Except it doesn't. According to the University of Central Florida’s physics textbook chapter on eddy currents, an induction cooktop works by passing a rapidly flipping magnetic field through a coil under the glass surface. Any conductive metal you put above that coil, magnetic or not, will be pushed by small looping electric currents. These are known as eddy currents. Aluminum foil is thin, but it still conducts electricity well, so those currents appear in it as well.

Every induction cooktop has a built-in check to make sure that it won’t turn on if it doesn’t sense the right cookware. That check should fail for aluminum foil, in theory. But the Iowa State University resource on eddy current testing says alternating current in a conductor does not distribute evenly. It crowds near the surface, an effect called the “skin effect.” Because foil is basically all surface and almost no depth, it behaves electrically like a much thicker sheet of metal at the cooktop's operating frequency. That's enough to trick the sensor into thinking it's a real pan.
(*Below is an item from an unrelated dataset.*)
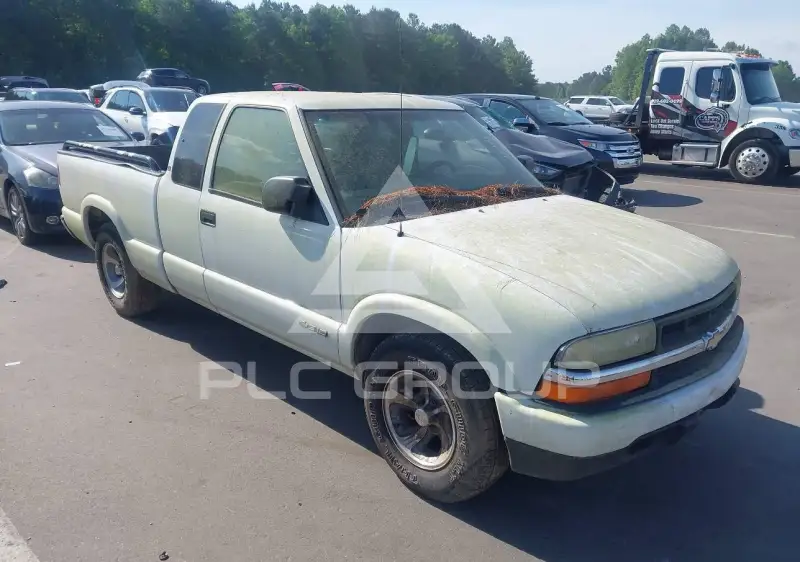 2002 Chevrolet S10 фото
So why does the foil float?
If there is a current flowing in the foil, it makes its own tiny magnetic field. Physics has a rule about what happens next, known as Lenz's law: the new magnetic field will always push back against the one that created it. That resistance is precisely what allows things like aluminum discs to hover over spinning magnets in classroom demonstrations, as seen in the eddy current levitation demonstration from Harvard's Department of Physics. That same repelling force also shows up as a slight upward push on the pieces of foil closest to the coil of an induction cooktop. Magnetism isn’t pulling the foil. It is moving away from the magnetic field of the cooktop as its own induced current is opposing it.
Melting, not just floating
The bits of foil that stay close to the coil don’t just float; they heat up fast. For a few seconds, the same current that produces the push is also generating heat due to electrical resistance. The foil is so thin that this can be enough to scorch or melt it in a matter of seconds, which is consistent with burn marks that home cooks have reported after accidentally leaving foil on their stovetops.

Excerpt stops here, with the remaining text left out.